Feature pipeline as the single source of truth

Early in the project, training and backtesting were calculating rolling features over different historical windows, producing different feature distributions and making results unreliable. A centralised FeaturePipeline class enforces identical feature calculation across training, backtesting, and live inference. Every model saves its feature metadata at training time and loads it at inference. This was the unlock that made experiment results trustworthy.
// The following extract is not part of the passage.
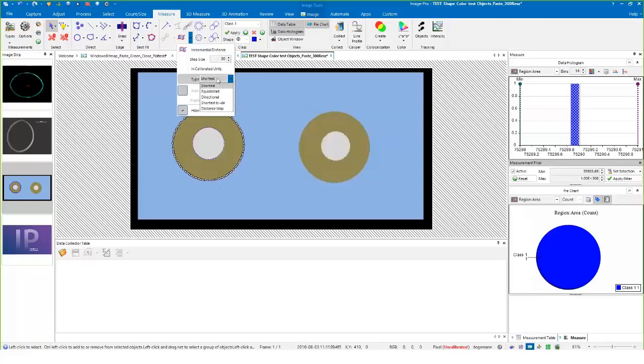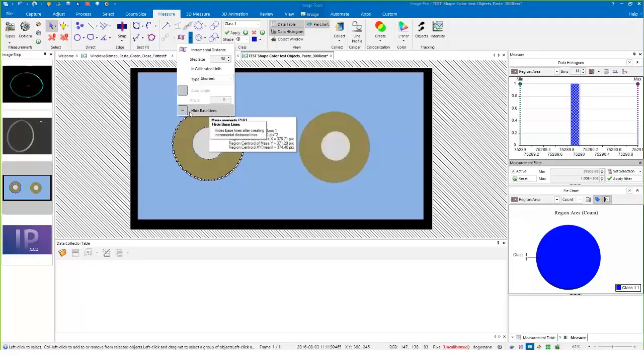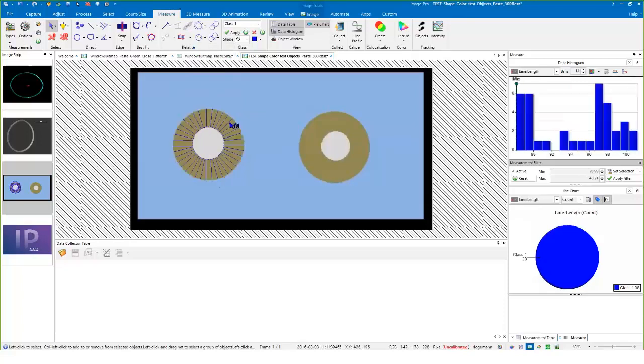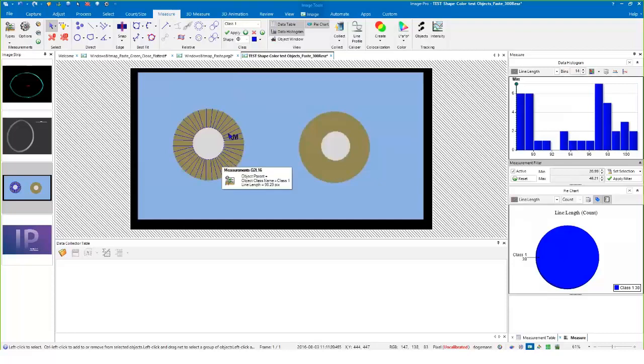Within the options here, there's a step size which dictates how frequently the line segments will show up around this object. There's different types of lines that can show up, and for today I'll just use shortest, which will measure the shortest distance from the outside to the center. I'll hide the base lines in my data table so they don't show up as sum of data.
Multi-source data pipeline with quality validation

Market data comes from Polygon (equities live and historical), CoinGecko (crypto 5-minute live), GeckoTerminal (crypto 1-minute live and historical backfill), and Binance (crypto gap fill and execution), each with different schemas, update frequencies, and reliability. A structural volume coverage issue with Binance.US USD pairs (7.6% of expected coverage, because trading is USDT-dominated) led to separate feature sets: 12 features for crypto, 14 for equities. Collectors run continuously and gap fillers backfill missing windows. Data quality checks run before training.

Why this matters

Capital protection models trained reliably and the results held across different symbols and timeframes — bear and sideways markets have strong feature signatures that XGBoost identifies well. Generating consistent alpha is a harder problem. A pattern that works attracts capital and the pattern disappears; the right response is a faster iteration loop, not a more sophisticated model. The config system and three-tier gate were built for exactly that. This is a project worth circling back to.